Views of Tom Sawyer Island, 1956

This morning I was scrolling through my recent scans, and found two photos of Tom Sawer Island, both taken in 1956, from almost the same exact angle, but taken by two different photographers. I thought it might be fun to play "compare and contrast", but other than the angle of the sun, they're so darn similar there isn't much that's different.

This first one is the nicer of the two, with a blue sky, and the pea-soup green water that is reminiscent of a big ol' muddy river. Tom Sawyer Island didn't open until June of 1956, and although photos can be deceiving, this one sure has a summer feel to it.

This next one has a harsher look, with the sun more to the west. The trees look the same as in photo #1, almost down to the very leaf. I counted! As before, a raft awaits guests who are ready to head back to the mainland. 

Saturday, January 17, 2015

Catalina, California - 1958

Let's go to Santa Catalina Island (or just "Catalina" to her friends)! It is one of the Channel Island of California, and is located about 22 miles off the coast of Los Angeles - a mere half hour by ferry. The island itself is about 22 miles long and 8 miles across, and Mount Orizaba is its highest point at 2,097 feet. 

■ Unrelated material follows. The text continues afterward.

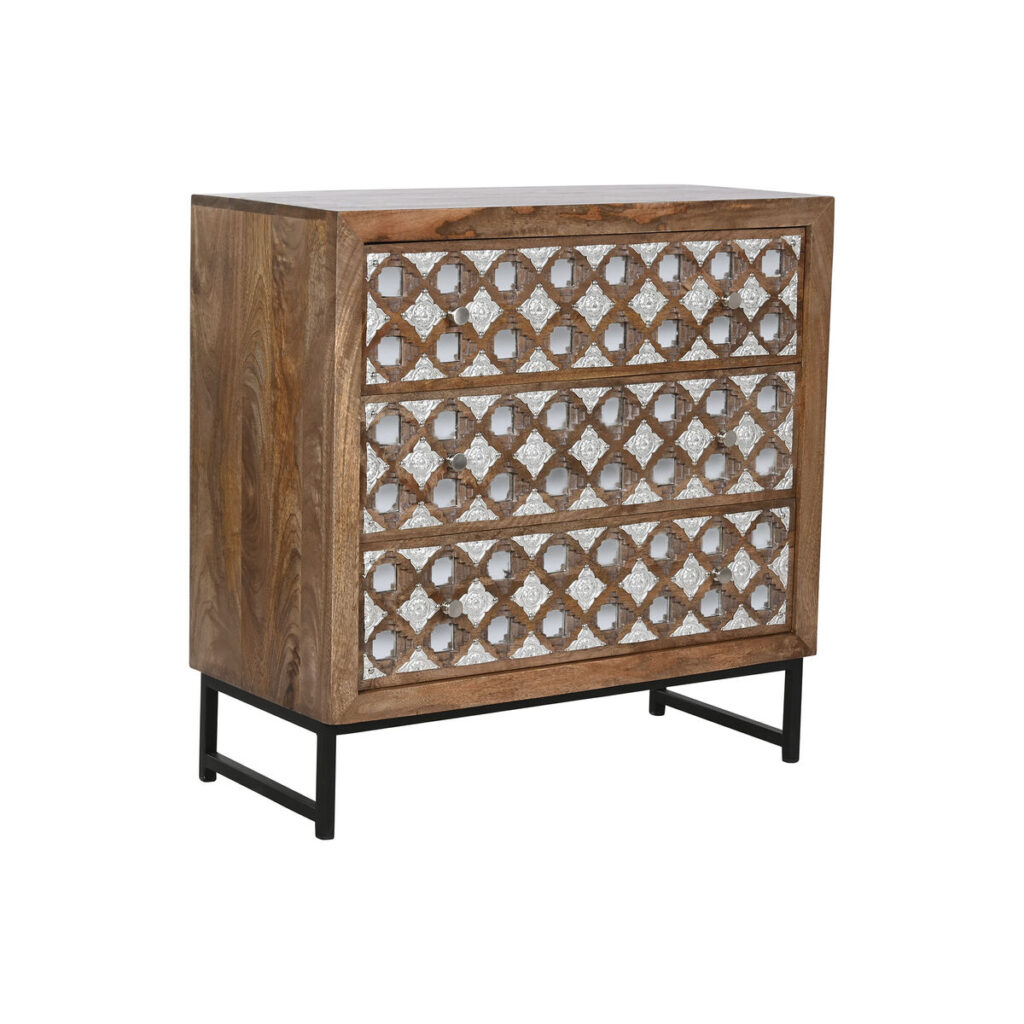 Ladenkast Home ESPRIT Bruin Zwart Zilverkleurig Mangohout Spiegel Indiaas 80 x 38 x 80 cm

I love this first shot of the steamship "SS Catalina", also known as "The Great White Steamer". From 1924 until 1975, it carried passengers to and from the island; the Steamship Historical Society of America says that the Catalina has carried more passengers than ANY other vehicle anywhere - an estimated 25 million people. (I have to wonder if the Disneyland Railroad has carried more, but maybe amusement park rides don't count). It also served as a troop transport during WWII. In its later years it fell victim to neglect, and was finally scrapped in 2009.

Here's another shot showing the SS Catalina moored in the harbor of Avalon, the island's only incorporated city (with a population under 4000). A trip to the island is almost like a little trip to Europe, only everyone speaks Yankee! It didn't really become a tourist destination until chewing gum magnate William Wrigley Jr. developed it starting in the 1920's. Wrigley also owned the Chicago Cubs, who used the island for spring training until 1951.

The most recognizable building is the Casino, built in 1928. Wikipedia sez: "With a height equal to a 12-story building, it was built to serve as a theatre on the main floor and a ballroom and promenade on the upper level. Movie studio tycoons such a Cecil B. DeMille, Louis B. Mayer, and Samuel Goldwyn frequently came by yacht to the Casino to preview their newest cinema productions. It also serves as the island's civil defense shelter, large enough to accommodate Catalina's entire year-round population. Within its walls is stored enough food and water for all Avalon's residents for two weeks". 

I mostly remember the famous glass-bottom boat tours, as well as night excursions in which the lovable flying fishes could be induced to soar when a brilliant searchlight was aimed at the water. This photo amazed me, since similar diving bell attractions could be found at the Long Beach Pike and Pacific Ocean Park. I never knew that one could be found on Catalina! Assuming that this one worked the same as the others, guests would be lowered under water, and then the diving bell would be allowed to pop up like a cork.

I have more vintage Catalina photos to share… I hope you have enjoyed your visit!